Several early attempts on Wikipedia to mass produce articles from external databases had results that weren't pretty. Examples of this were astronomical objects and geographical locations. These projects certainly created a huge number of articles, but mostly poor quality stubs. Many of these have subsequently been deleted, sometimes en masse, as non-notable, or in some cases inaccurate. In short, I fear this project may create more in the way of problems for future editors than production of good material. I might change my mind if some specific examples of UNESCO pages turned into articles were provided that could have been achieved with an automated process, but at the moment, I'm not seeing that as likely. SpinningSpark 09:31, 5 May 2019 (UTC)
@Spinningspark:, I think there has been a misunderstanding, to be clear, we are not creating an automated or semi-automated process to add text to Wikipedia (including creating articles) at all and no part of the process will use an algorithm. We want to create a collaborative process for assessing open license text and recording that assessment due to the volume of content that is available (see the General History of Africa example above). This will build on the work I have previously done to provide a process to help people use existing open license text and to adapt it to be suitable to include in Wikipedia. Please let us know which sentences in the proposal gave you the impression that any part of the process would be automated and we will try to make it more clear. John Cummings (talk) 16:25, 5 May 2019 (UTC)
John Cummings, I'd request you reply to the concerns raised in the thread you started on en-wiki and then ignored. Per the comments of myself and others there, in my view your essay which you link above demonstrates such a complete misunderstanding of Wikipedia that I'm strongly inclined to delete it to ensure there's no risk of good-faith users stumbling across it, trying to follow its instructions, and getting themselves blocked for disruption.Iridescent (talk) 07:01, 7 May 2019 (UTC)
Hi @Iridescent:, I stopped visiting the page after this message. I think that discussion of a Wikipedia page is off topic for the endorsement section of the grant proposal so I've replied to you on the talk page. Thanks John Cummings (talk) 11:29, 8 May 2019 (UTC)

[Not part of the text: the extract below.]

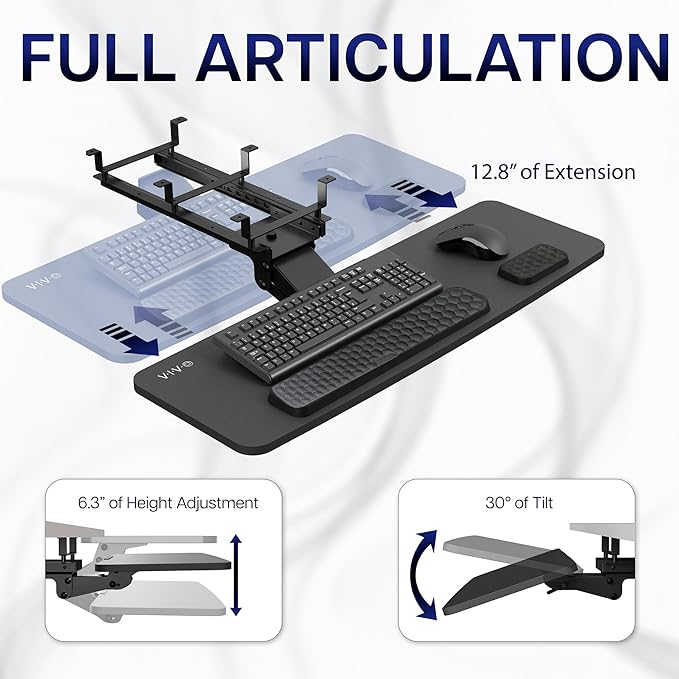 VIVO Premium Adjustable 34 x 11 inch Computer Keyboard and Mouse Platform Tray, Ergonomic Under Table Desk Mount Drawer with Padding, Black, MOUNT-KB34P-B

John Cummings you asked Please let us know which sentences in the proposal... I believe the sentence you are looking for is this one: a tool is needed to [] integrate large amounts of [content] and integrate it into Wikimedia projects. Your redundant emphasis on "integration" naturally leads people to share your focus on that as your purpose for the tool. However I believe the primary concerns are unrelated uncertainty about possible automated integration. However I'll address that as an independent comment. Alsee (talk) 10:12, 7 May 2019 (UTC)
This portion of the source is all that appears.